━━━ Dataset

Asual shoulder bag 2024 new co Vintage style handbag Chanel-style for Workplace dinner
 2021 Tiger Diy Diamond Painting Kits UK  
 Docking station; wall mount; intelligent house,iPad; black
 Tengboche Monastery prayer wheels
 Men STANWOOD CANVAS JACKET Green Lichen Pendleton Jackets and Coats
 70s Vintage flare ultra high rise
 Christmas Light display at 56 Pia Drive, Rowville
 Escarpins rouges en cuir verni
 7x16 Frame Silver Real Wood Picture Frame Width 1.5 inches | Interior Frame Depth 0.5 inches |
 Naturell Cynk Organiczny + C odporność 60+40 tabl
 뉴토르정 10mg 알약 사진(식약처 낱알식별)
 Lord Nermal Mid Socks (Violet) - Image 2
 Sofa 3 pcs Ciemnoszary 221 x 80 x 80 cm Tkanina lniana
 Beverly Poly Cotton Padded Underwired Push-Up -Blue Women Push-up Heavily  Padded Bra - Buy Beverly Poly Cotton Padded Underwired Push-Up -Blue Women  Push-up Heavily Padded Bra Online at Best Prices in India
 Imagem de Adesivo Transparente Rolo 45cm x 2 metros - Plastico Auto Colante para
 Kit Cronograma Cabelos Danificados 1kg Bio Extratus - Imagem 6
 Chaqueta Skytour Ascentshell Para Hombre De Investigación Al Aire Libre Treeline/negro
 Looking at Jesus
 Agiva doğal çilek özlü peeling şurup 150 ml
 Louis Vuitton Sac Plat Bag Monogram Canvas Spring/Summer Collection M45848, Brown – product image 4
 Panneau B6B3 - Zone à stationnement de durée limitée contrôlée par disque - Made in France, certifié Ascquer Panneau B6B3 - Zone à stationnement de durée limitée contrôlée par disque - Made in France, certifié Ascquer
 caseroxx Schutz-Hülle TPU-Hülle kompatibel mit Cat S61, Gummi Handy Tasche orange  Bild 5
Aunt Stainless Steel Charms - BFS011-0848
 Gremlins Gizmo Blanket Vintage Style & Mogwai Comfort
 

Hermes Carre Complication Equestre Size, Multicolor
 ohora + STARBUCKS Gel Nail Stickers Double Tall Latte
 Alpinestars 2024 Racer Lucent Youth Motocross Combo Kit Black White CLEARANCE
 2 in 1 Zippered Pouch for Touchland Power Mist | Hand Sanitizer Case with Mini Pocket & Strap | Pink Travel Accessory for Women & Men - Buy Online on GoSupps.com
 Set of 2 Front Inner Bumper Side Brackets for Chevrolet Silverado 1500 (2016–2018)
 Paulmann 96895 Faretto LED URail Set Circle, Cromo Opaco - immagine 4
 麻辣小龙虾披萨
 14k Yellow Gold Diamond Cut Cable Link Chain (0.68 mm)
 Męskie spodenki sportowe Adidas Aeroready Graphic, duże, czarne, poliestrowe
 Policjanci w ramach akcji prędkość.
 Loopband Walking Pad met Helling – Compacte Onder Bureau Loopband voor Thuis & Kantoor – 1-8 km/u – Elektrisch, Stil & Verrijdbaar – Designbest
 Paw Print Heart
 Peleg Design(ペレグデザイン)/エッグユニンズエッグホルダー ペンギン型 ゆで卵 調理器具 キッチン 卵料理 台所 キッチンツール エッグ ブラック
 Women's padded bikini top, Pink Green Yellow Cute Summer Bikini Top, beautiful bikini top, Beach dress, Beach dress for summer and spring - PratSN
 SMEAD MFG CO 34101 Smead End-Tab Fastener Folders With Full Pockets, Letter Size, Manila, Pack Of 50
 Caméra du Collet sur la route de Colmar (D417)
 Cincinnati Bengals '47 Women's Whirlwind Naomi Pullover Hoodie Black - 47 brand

━━━━━━

■ **Aim of the task**: Lines that contain "Pink" should be pulled from the entries above and reported.

■ **Answer to this exercise**:
 2 in 1 Zippered Pouch for Touchland Power Mist | Hand Sanitizer Case with Mini Pocket & Strap | Pink Travel Accessory for Women & Men - Buy Online on GoSupps.com
 Women's padded bikini top, Pink Green Yellow Cute Summer Bikini Top, beautiful bikini top, Beach dress, Beach dress for summer and spring - PratSN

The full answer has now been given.